I had implemented something similar myself (just a proof of concept in powershell):

$isGoogleBot = $false
$names = (Resolve-DnsName $ip).namehost
$names | % { write-host $_; if ((($_ -match "googlebot.com$") -or ($_ -match "google.com$")) -and ( ((Resolve-DnsName $_).IPaddress -contains $ip))) {$isGoogleBot = $true} }

I hoped that instead of verifying it myself, that could be done directly by CloudFlare.

I’ve then noticed that on my domains we’ve already enabled the “Fake Google Bot” detection (WAF: Cloudflare Specials -> Rule id 100201 .

I’ve verified our logs and indeed all requests coming with a user agent “googlebot” seem to be legitimate.

I’ve performed some quick test to verify the behavior and indeed my requests get blocked.

I think that we can then assume that every request with the user agent “googlebot” is a legitimate one, so I guess the application could just rely on that info.

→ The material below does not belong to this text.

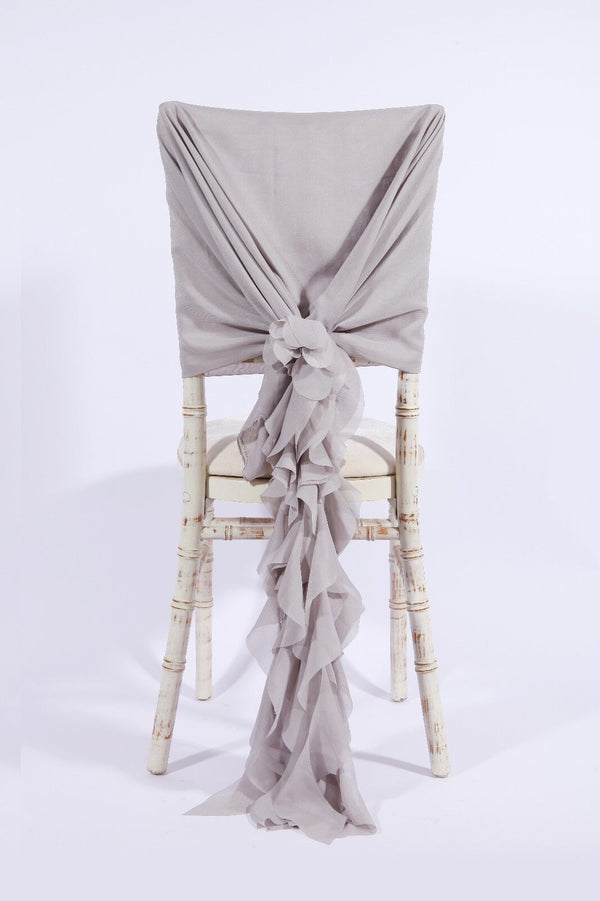 Luxry Chiffon Hoods With Ruffles Decor Chair Cover Sash Wedding Party Events - Grey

What do you think

By the way, the info on the Google page you linked (and which I had also found) seem to be imprecise.
Among the list of IPs I’ve retrieved from our logs, there also some which don’t match neither .googlebot.com nor .google.com.

For example, 107.178.231.94 and 130.211.96.77 both belong to Google, but their reverse DNS entry point to: something.bc.googleusercontent.com (so neither googlebot.com nor .google.com).

This is also interesting: Cloudflare Managed Special rules are blocking Googlebot - #14 by dmz

  • 100035 - Fake google bot , based on partial useragent match and ASN
  • 100035 C - Fake google bot , based on exact useragent match and DNS lookup
  • 100035 D - Fake google bot , based on partial useragent match and DNS lookup

So, I’d say that Cloudflare is already doing it.